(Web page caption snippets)
....
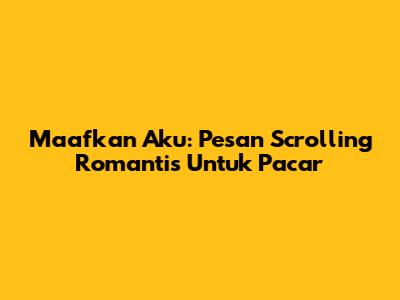 Maafkan Aku: Pesan Scrolling Romantis Untuk Pacar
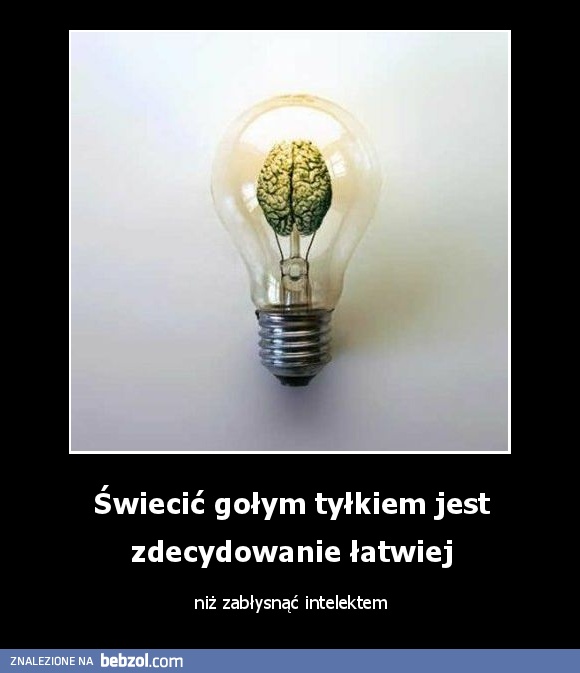 Świecić gołym tyłkiem jest zdecydowanie łatwiej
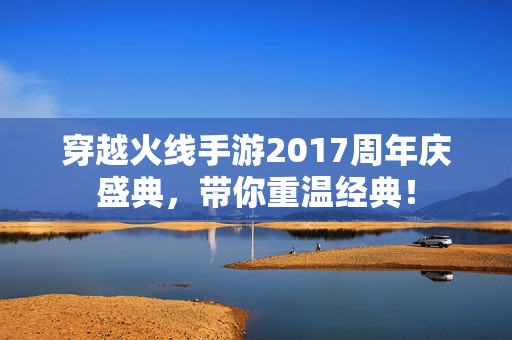 穿越火线手游2017周年庆盛典，带你重温经典！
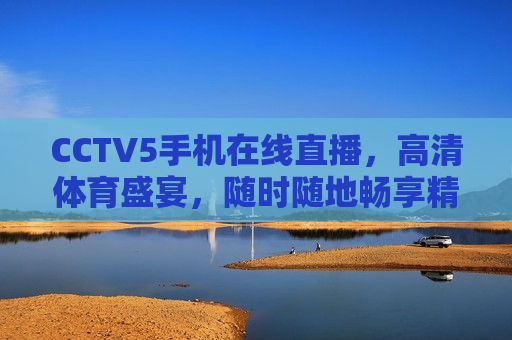 CCTV5手机在线直播，高清体育盛宴，随时随地畅享精彩，随时随地畅享精彩，CCTV5手机高清体育直播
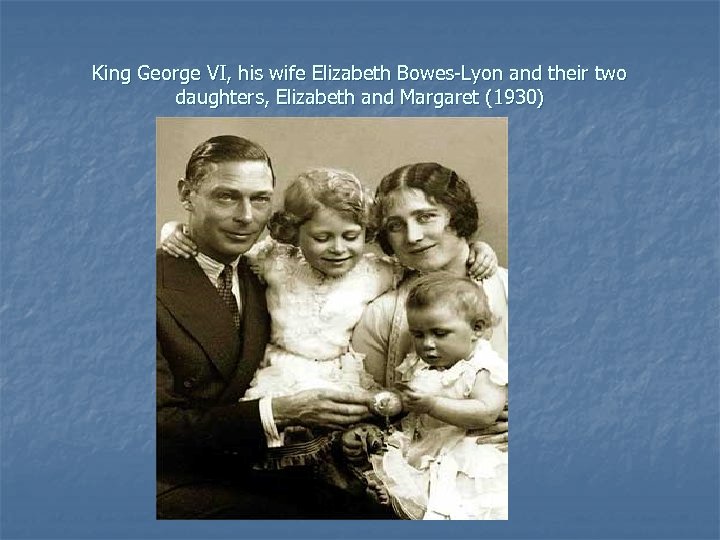 King George VI, his wife Elizabeth Bowes-Lyon and their two daughters, Elizabeth and Margaret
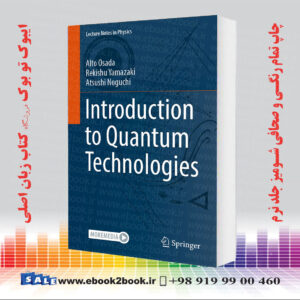 کتاب Introduction to Quantum Technologies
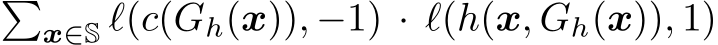 �x∈S ℓ(c(Gh(x)), −1) · ℓ(h(x, Gh(x)), 1)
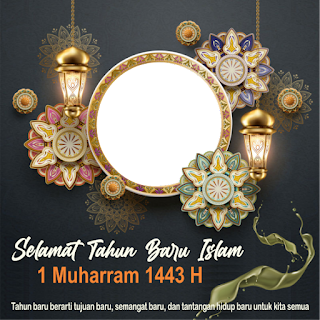 twibbon 1 muharram 1443 H,twibbon tahun baru islam,twibbon tahun baru islam 2021,twibbon tahun baru hijriah,twibbonize,twibbonize islam,bingkai twibbon islam 1 muharram 2021,twibbon 1 muharram 1443 cdr,twibbon 1 muharram 1443 png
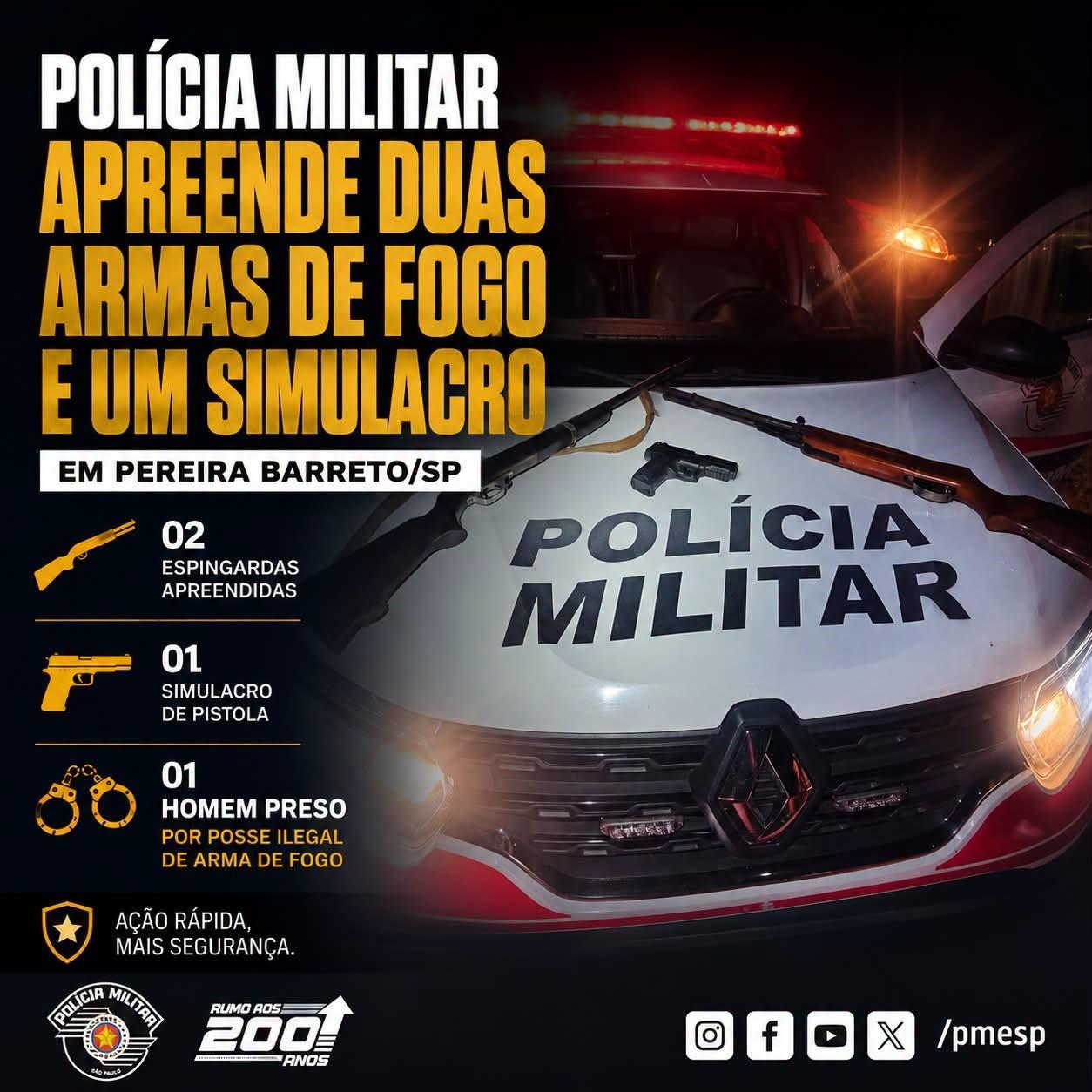 Polícia Militar apreende armas de fogo e simulacro durante ocorrência em Pereira Barreto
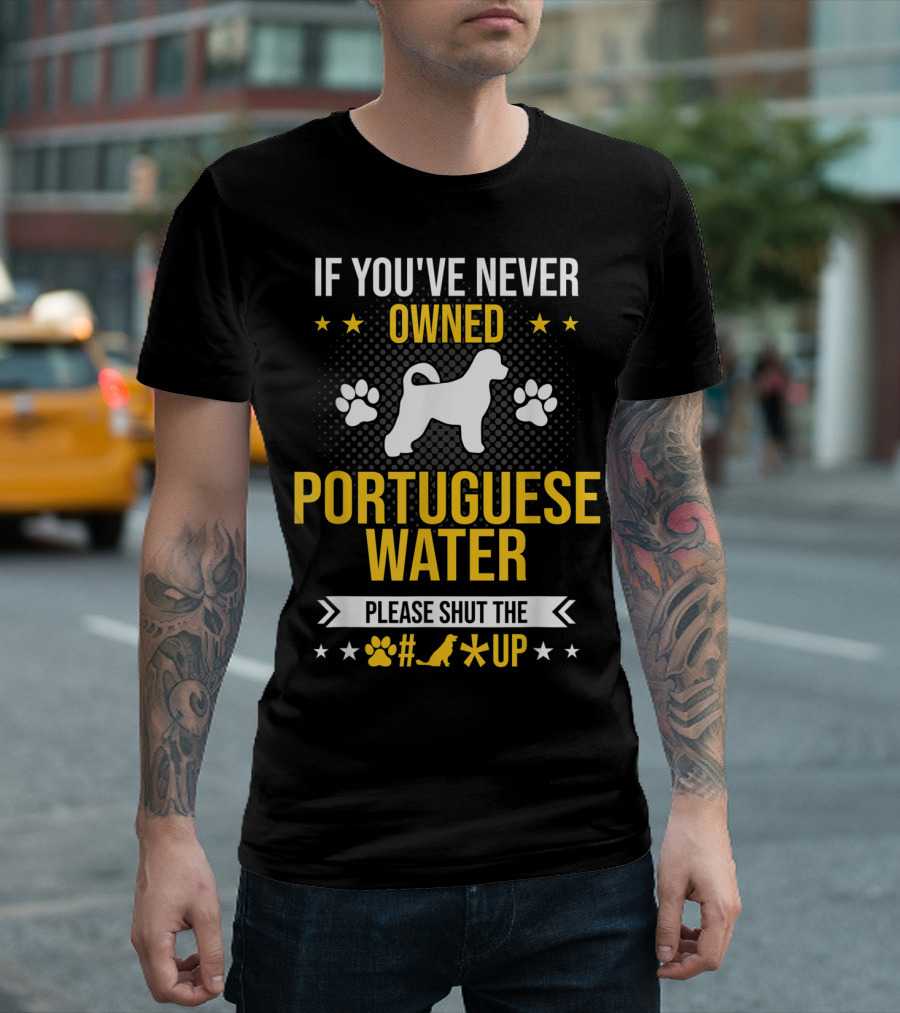 If You've Never Owned Portuguese Water Dog Please Shut The Up T-Shirt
....
Exercise objective:
The data must come back word for word, with every picture removed.

Final answer:
 Maafkan Aku: Pesan Scrolling Romantis Untuk Pacar
 Świecić gołym tyłkiem jest zdecydowanie łatwiej
 穿越火线手游2017周年庆盛典，带你重温经典！
 CCTV5手机在线直播，高清体育盛宴，随时随地畅享精彩，随时随地畅享精彩，CCTV5手机高清体育直播
 King George VI, his wife Elizabeth Bowes-Lyon and their two daughters, Elizabeth and Margaret
 کتاب Introduction to Quantum Technologies
 �x∈S ℓ(c(Gh(x)), −1) · ℓ(h(x, Gh(x)), 1)
 twibbon 1 muharram 1443 H,twibbon tahun baru islam,twibbon tahun baru islam 2021,twibbon tahun baru hijriah,twibbonize,twibbonize islam,bingkai twibbon islam 1 muharram 2021,twibbon 1 muharram 1443 cdr,twibbon 1 muharram 1443 png
 Polícia Militar apreende armas de fogo e simulacro durante ocorrência em Pereira Barreto
 If You've Never Owned Portuguese Water Dog Please Shut The Up T-Shirt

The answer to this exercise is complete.